# [DATA EXCERPT]
|---|

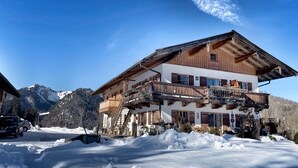 A chalet-style hotel with a wooden facade, balconies, and a mountain backdrop. - Apartment 'Ferienwohnung Unternberg' with Mountain View, Shared Terrace and Wi-Fi (Ruhpolding)
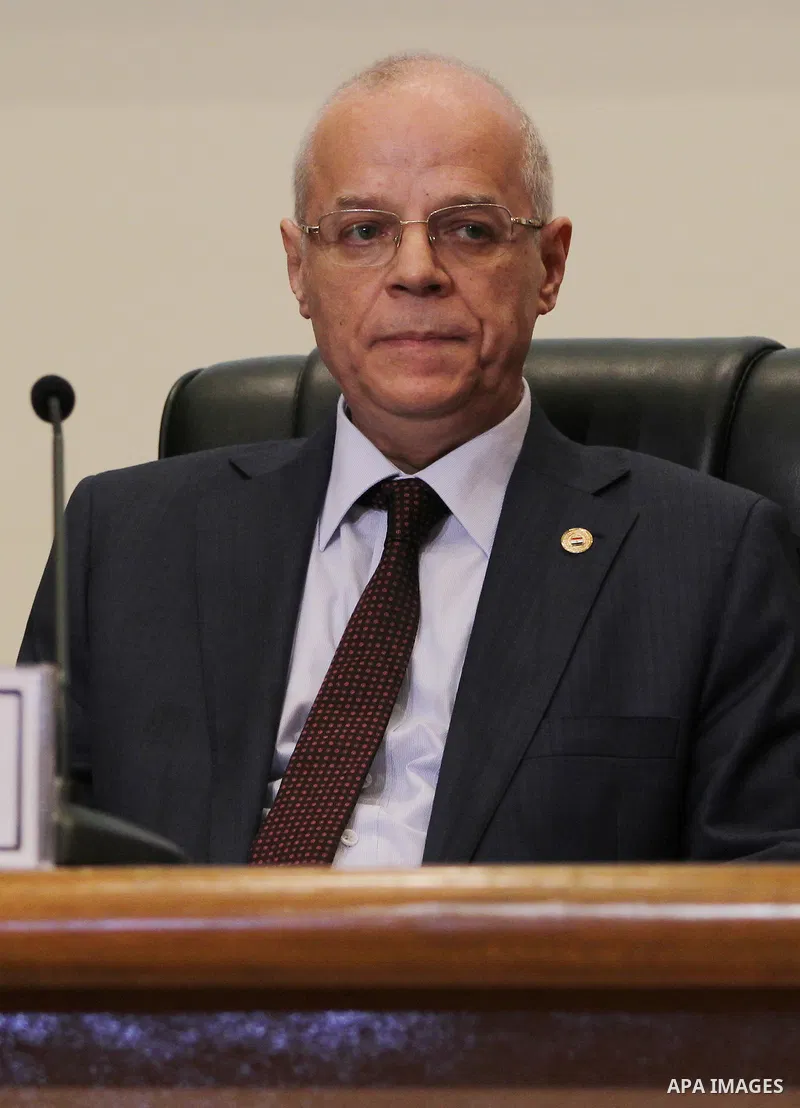 Egyptian judge Anwar Rashad al-Asi, head of the presidential election commission, holds a press conference in the capital Cairo on June 3, 2014, in which he announces that Ex-army chief Abdel Fattah al-Sisi won 96.9 perc...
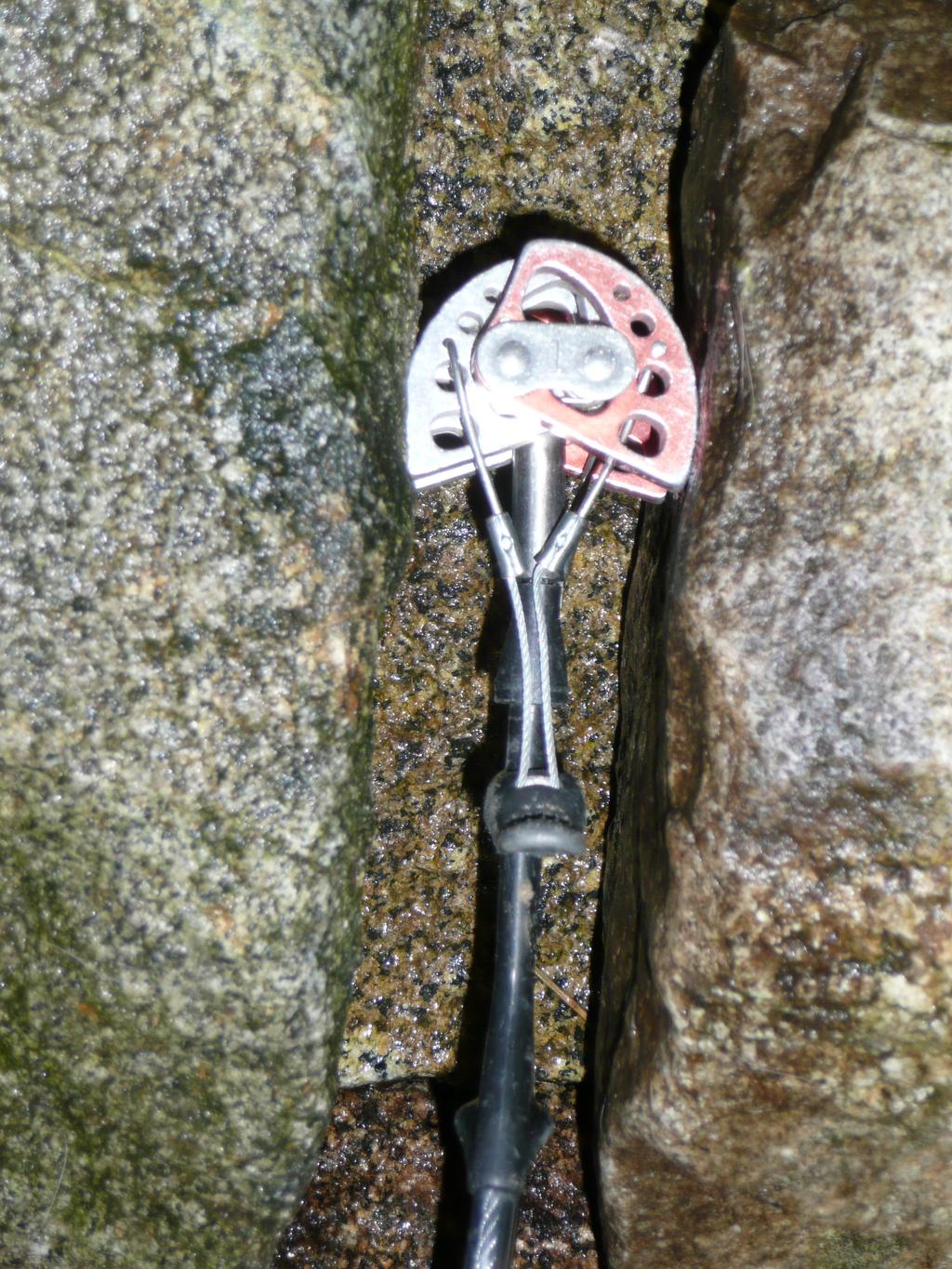 It should not loosen or even come out when wiggling the wire. A well placed cam should contact the rock at low to mid expansion range: 50% to 90% retracted.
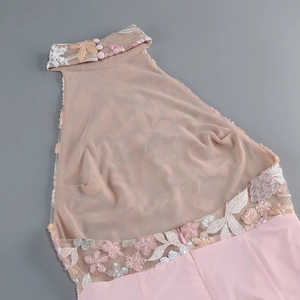 Dettaglio del ricamo rosa e paillettes sul corpetto dell'abito in rete a lupetto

|---|

# [TASK TO CARRY OUT]
All of the data above should be printed again exactly, though none of the pictures belong in the copy.

# [EXERCISE RESULT]
 A chalet-style hotel with a wooden facade, balconies, and a mountain backdrop. - Apartment 'Ferienwohnung Unternberg' with Mountain View, Shared Terrace and Wi-Fi (Ruhpolding)
 Egyptian judge Anwar Rashad al-Asi, head of the presidential election commission, holds a press conference in the capital Cairo on June 3, 2014, in which he announces that Ex-army chief Abdel Fattah al-Sisi won 96.9 perc...
 It should not loosen or even come out when wiggling the wire. A well placed cam should contact the rock at low to mid expansion range: 50% to 90% retracted.
 Dettaglio del ricamo rosa e paillettes sul corpetto dell'abito in rete a lupetto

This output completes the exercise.